Nous arrêtons la vente à 19h30. Il nous reste 30 minutes pour nettoyer le matériel et la boutique, alors qu’il faut au moins une heure pour que ce soit bien fait. Du coup, il nous arrive d’arrêter les ventes plus tôt ou de bâcler le nettoyage pour partir à l’heure. Et encore : nous fermons souvent 20 minutes après l’heure indiquée sur notre contrat (20h). Et bien sûr, ce temps de travail ne nous est pas payé.

C’est le seul moment où je peux parler avec mon collègue. Ce soir, nous discutons de la fameuse augmentation qu’on nous fait miroiter depuis 6 mois.
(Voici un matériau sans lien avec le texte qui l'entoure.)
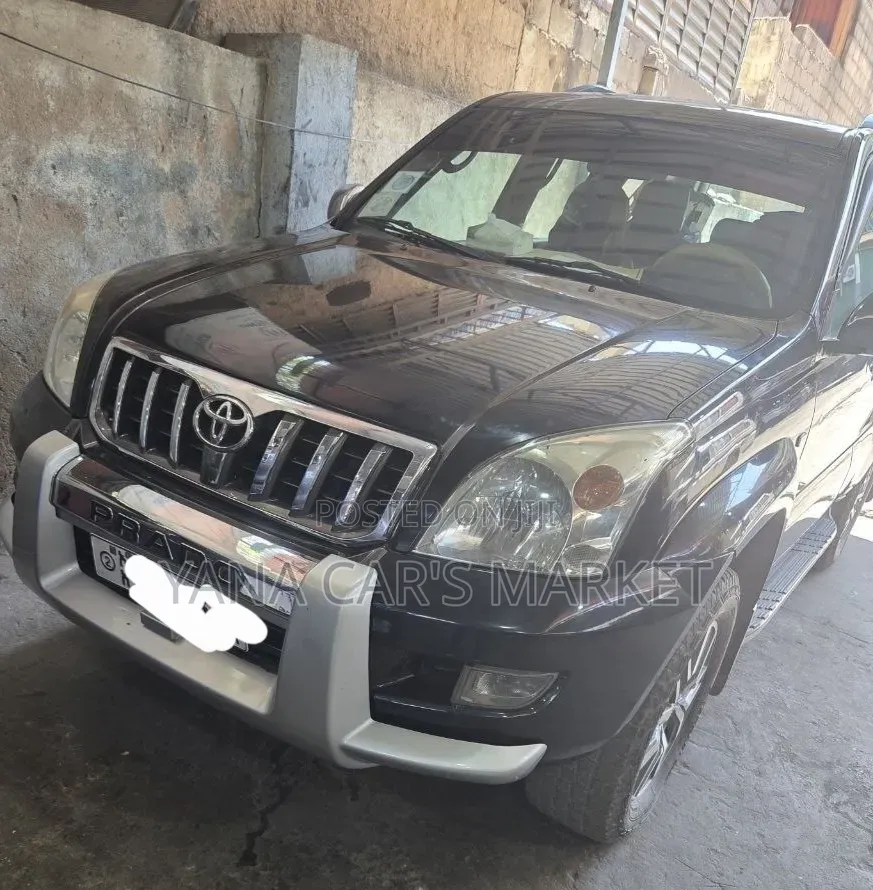 Toyota Land Cruiser Prado 2008 White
Je ferme la boutique à 20h20 après 7h30 de travail debout, sans pause et sans pouvoir aller aux toilettes – car la boutique n’en a pas. Lorsque je suis seule, je ne peux pas laisser la boutique sans personne. Mais lorsque nous sommes deux, c’est le rush qui m’empêche de m’absenter.

J’ai gagné 5 euros de plus, aujourd’hui, car j’ai dépassé « l’objectif de vente ». 5 euros que je dépenserai sûrement dans un kebab, car je suis trop fatiguée pour cuisiner et la faim me tiraille. Ayant commencé ma journée de travail à 12h30, j’ai sauté le déjeuner, comme souvent...

Demain, dimanche, j’effectuerai une nouvelle fois cette journée, et lundi je reprendrai les cours, sans avoir pu me reposer de tout le week-end. Je travaille pour échapper à ma précarité d’étudiante, mais c’est au détriment de ma santé physique et mentale.